I would like the lines below, from the one with "Салат из курицы и огурца" through the one with "Exdirector de la", copied exactly and without any pictures.

BEGIN SUPPLIED RECORDS

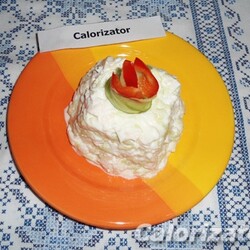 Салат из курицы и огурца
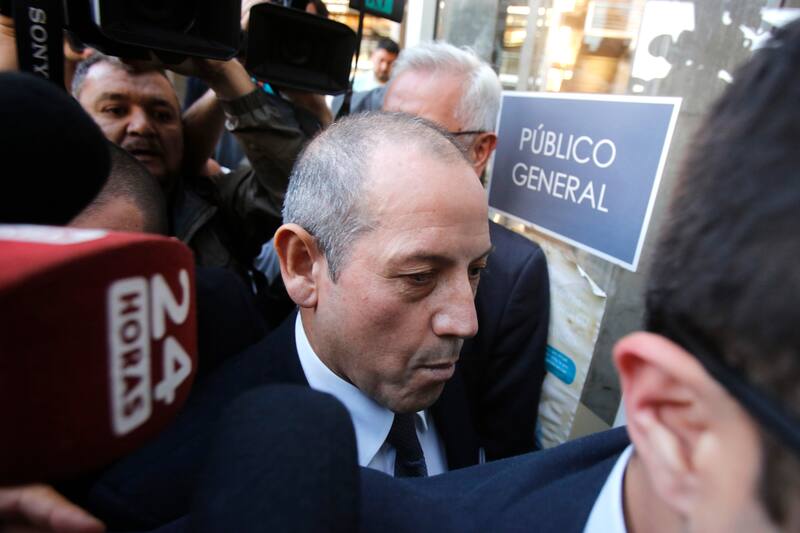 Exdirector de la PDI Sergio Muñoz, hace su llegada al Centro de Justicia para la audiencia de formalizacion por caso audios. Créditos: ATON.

END SUPPLIED RECORDS
BEGIN SUPPLIED RECORDS

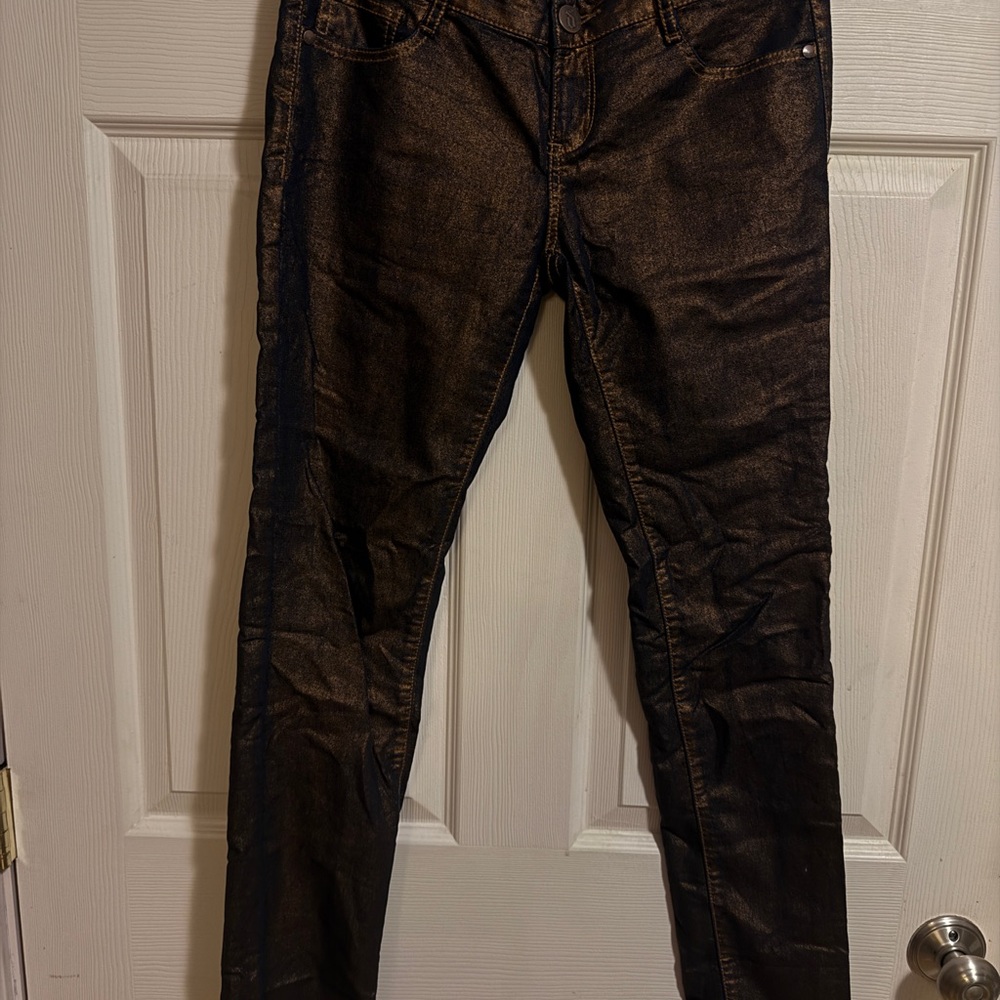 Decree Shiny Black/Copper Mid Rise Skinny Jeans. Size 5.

END SUPPLIED RECORDS

• [RESPONSE TO THIS TASK]:
 Салат из курицы и огурца
 Exdirector de la PDI Sergio Muñoz, hace su llegada al Centro de Justicia para la audiencia de formalizacion por caso audios. Créditos: ATON.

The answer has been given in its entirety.